Outro is running a remix competition using free samples from our site!

Here's how it works:

https://outro.io/sounds/search?packID=128 (Download) all three samples from Outro (they're free!)

Chop, twist and slice the samples into a new track. All genres of music are game. 

Post the finished track in the comment section of our pinned Facebook post 
All three samples must be used. You can include other samples and synths too. We'll listen to everything that's been shared and pick one winner, who will be featured as a top creator on Outro and get to choose the samples for Round Three. The competition ends Sunday, May 28th!

If you have any questions, feel free to ask


----------



## HiEnergy (May 24, 2017)

Is there any other way of turning in a contest entry apart from Facebook?

I rather successfully omitted Facebook during the last couple of years.
For me Soundcloud, Dropbox or e-mail would be ok.

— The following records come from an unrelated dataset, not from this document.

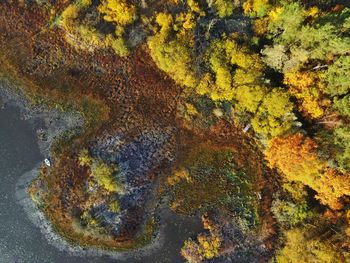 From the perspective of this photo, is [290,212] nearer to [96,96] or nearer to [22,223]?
[96,96]

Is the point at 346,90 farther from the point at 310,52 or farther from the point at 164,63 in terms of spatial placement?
the point at 164,63

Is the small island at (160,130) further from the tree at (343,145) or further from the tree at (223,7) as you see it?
the tree at (343,145)

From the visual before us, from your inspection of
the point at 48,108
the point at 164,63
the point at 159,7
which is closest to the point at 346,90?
the point at 164,63

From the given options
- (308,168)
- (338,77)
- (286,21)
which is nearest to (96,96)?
(286,21)

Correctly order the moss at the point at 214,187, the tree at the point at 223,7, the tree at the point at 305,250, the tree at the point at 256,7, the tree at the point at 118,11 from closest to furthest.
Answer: the tree at the point at 305,250
the tree at the point at 256,7
the tree at the point at 223,7
the tree at the point at 118,11
the moss at the point at 214,187

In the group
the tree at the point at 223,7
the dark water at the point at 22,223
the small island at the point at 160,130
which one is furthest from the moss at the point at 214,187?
the tree at the point at 223,7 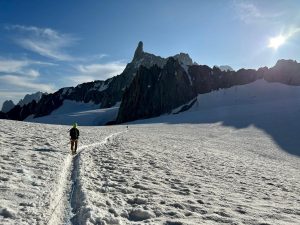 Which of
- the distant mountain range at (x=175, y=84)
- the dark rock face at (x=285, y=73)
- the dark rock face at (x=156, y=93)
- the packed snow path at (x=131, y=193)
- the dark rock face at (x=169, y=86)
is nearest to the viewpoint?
the packed snow path at (x=131, y=193)

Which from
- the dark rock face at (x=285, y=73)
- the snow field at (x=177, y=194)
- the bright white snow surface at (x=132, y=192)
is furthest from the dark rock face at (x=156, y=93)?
the snow field at (x=177, y=194)

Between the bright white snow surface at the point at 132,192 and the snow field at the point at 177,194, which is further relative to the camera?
the snow field at the point at 177,194

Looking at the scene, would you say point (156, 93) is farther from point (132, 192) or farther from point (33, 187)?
point (33, 187)

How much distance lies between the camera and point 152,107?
149625 mm

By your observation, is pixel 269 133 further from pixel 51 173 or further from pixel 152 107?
pixel 152 107

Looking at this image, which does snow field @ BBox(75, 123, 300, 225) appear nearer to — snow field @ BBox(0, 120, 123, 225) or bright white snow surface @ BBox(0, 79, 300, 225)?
bright white snow surface @ BBox(0, 79, 300, 225)

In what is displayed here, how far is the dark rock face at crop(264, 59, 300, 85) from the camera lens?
137 metres

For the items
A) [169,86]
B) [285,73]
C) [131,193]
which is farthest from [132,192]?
[169,86]

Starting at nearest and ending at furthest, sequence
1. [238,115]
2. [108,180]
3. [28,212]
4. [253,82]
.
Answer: [28,212], [108,180], [238,115], [253,82]

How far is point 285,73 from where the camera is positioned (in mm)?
140250

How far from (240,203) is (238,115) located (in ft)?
270

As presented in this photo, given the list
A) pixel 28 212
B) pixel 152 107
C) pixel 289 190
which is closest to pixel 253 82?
pixel 152 107

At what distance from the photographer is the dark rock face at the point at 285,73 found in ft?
449

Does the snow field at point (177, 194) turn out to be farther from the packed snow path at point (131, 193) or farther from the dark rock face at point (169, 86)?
the dark rock face at point (169, 86) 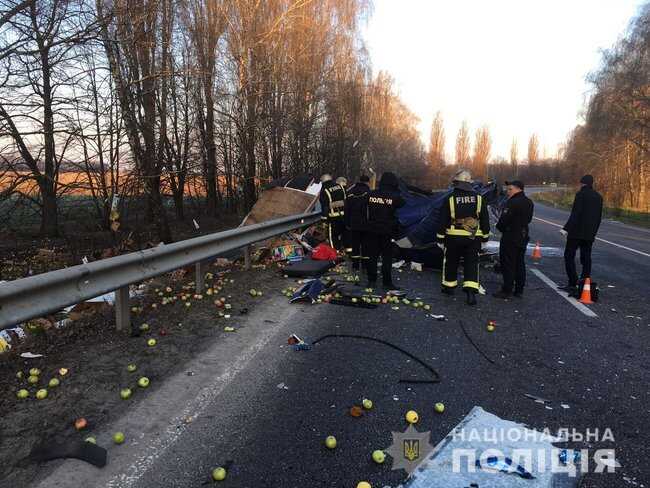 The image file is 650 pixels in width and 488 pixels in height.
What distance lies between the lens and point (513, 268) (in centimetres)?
684

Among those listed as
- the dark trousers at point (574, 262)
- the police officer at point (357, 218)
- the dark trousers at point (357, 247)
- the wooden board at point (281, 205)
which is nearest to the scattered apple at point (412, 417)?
the police officer at point (357, 218)

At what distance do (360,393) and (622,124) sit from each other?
3767 cm

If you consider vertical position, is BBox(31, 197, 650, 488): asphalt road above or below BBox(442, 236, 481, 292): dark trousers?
below

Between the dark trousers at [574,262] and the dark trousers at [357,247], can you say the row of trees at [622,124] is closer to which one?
the dark trousers at [574,262]

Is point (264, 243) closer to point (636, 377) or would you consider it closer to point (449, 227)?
point (449, 227)

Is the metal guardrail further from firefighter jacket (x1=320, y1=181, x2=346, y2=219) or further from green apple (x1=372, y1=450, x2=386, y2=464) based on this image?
firefighter jacket (x1=320, y1=181, x2=346, y2=219)

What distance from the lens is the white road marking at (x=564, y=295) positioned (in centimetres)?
601

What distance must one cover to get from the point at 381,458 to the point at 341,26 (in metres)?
25.8

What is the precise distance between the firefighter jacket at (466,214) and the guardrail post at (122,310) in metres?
4.62

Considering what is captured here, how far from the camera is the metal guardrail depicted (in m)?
3.17

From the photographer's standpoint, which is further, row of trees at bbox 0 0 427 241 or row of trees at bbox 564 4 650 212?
row of trees at bbox 564 4 650 212

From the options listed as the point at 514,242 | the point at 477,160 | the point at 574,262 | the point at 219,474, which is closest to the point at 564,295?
the point at 574,262

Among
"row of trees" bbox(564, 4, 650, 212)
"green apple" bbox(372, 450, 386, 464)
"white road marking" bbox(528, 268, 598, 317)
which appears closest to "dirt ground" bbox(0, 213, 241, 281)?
"green apple" bbox(372, 450, 386, 464)

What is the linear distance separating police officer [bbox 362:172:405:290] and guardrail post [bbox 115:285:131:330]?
3860 mm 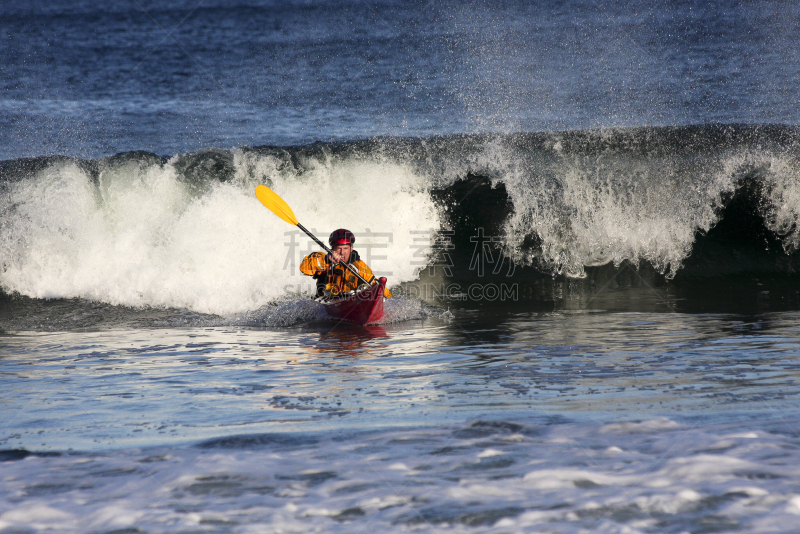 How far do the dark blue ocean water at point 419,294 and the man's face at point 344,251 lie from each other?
67 cm

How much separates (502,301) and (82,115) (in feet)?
57.2

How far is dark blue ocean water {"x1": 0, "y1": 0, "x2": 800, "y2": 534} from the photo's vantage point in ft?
8.20

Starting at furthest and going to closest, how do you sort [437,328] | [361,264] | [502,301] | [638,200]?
[638,200]
[502,301]
[361,264]
[437,328]

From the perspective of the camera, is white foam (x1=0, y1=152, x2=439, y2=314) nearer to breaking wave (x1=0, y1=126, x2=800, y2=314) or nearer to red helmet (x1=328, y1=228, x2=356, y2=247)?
breaking wave (x1=0, y1=126, x2=800, y2=314)

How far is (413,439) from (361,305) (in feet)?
12.3

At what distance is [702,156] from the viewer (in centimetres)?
1110

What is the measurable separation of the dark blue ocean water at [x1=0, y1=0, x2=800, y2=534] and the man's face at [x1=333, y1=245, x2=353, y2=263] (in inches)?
26.3

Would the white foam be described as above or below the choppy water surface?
above

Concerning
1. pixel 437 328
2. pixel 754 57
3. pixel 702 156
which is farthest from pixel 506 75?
pixel 437 328

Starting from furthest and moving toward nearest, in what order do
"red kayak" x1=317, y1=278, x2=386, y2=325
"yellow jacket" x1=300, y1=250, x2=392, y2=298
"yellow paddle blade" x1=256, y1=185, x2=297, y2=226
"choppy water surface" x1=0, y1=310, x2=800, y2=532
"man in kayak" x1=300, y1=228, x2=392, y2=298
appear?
"yellow paddle blade" x1=256, y1=185, x2=297, y2=226 < "yellow jacket" x1=300, y1=250, x2=392, y2=298 < "man in kayak" x1=300, y1=228, x2=392, y2=298 < "red kayak" x1=317, y1=278, x2=386, y2=325 < "choppy water surface" x1=0, y1=310, x2=800, y2=532

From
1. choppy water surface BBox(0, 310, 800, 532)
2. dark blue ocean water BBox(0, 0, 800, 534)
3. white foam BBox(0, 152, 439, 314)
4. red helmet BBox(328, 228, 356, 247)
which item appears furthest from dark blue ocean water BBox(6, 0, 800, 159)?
choppy water surface BBox(0, 310, 800, 532)

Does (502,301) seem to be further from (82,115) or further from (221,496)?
(82,115)

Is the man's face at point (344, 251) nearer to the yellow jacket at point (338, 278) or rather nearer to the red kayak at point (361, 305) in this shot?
the yellow jacket at point (338, 278)

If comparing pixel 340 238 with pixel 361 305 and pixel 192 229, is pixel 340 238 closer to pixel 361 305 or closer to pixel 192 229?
pixel 361 305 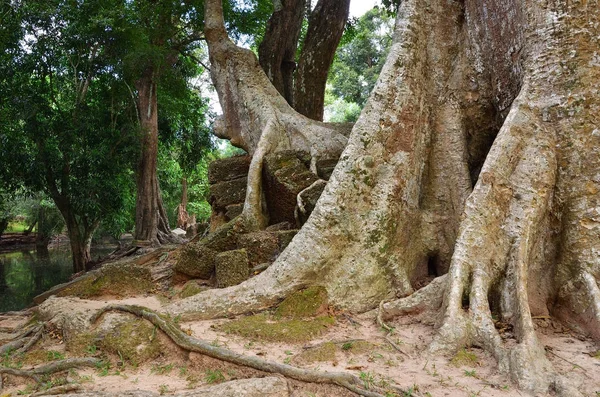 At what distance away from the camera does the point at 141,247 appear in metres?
10.8

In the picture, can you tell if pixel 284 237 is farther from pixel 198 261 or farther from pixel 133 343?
pixel 133 343

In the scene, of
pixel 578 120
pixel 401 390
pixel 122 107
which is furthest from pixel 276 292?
pixel 122 107

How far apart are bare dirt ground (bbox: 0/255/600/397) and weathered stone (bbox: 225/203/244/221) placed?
2.65 metres

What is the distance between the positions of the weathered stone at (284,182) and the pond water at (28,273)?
643cm

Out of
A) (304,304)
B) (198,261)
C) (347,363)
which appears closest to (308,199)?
(198,261)

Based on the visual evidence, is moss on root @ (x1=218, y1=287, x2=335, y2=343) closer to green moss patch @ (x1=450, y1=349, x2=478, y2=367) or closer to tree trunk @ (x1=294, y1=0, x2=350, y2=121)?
green moss patch @ (x1=450, y1=349, x2=478, y2=367)

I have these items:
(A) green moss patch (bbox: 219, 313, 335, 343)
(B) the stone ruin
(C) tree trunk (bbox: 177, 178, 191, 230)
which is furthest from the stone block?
(C) tree trunk (bbox: 177, 178, 191, 230)

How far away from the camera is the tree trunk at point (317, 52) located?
8.29 meters

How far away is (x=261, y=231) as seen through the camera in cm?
527

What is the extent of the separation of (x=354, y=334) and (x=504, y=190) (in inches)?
60.2

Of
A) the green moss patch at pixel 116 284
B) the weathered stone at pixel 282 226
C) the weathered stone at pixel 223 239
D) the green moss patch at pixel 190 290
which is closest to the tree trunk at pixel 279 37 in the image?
the weathered stone at pixel 282 226

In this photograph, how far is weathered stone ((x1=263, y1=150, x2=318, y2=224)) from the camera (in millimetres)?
5592

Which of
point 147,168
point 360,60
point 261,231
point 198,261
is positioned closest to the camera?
point 198,261

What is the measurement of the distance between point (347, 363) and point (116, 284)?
2749 millimetres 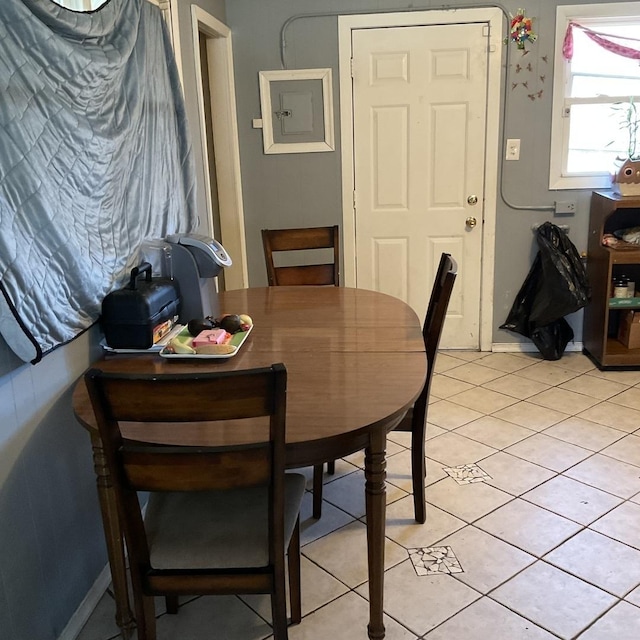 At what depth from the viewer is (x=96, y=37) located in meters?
2.01

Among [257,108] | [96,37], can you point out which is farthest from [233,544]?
[257,108]

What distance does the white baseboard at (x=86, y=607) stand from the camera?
1.89 meters

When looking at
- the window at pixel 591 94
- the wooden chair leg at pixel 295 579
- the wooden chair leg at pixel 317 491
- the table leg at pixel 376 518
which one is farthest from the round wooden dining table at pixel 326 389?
the window at pixel 591 94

If the evil f-word thing is set in stone I need not even bother with preparing a track for participating in this contest.


----------



## DanielOutro (May 24, 2017)

HiEnergy said:


> Is there any other way of turning in a contest entry apart from Facebook?
> 
> I rather successfully omitted Facebook during the last couple of years.
> For me Soundcloud, Dropbox or e-mail would be ok.
> ...


If you can send me an email with the Soundcloud link, that would be perfect! You can reach me at [email protected] - excited to hear what you come up with. Let me know if you have any questions along the way.


----------



## HiEnergy (May 24, 2017)

DanielOutro said:


> If you can send me an email with the Soundcloud link, that would be perfect! You can reach me at [email protected] - excited to hear what you come up with. Let me know if you have any questions along the way.


Thanks a lot, Daniel!


----------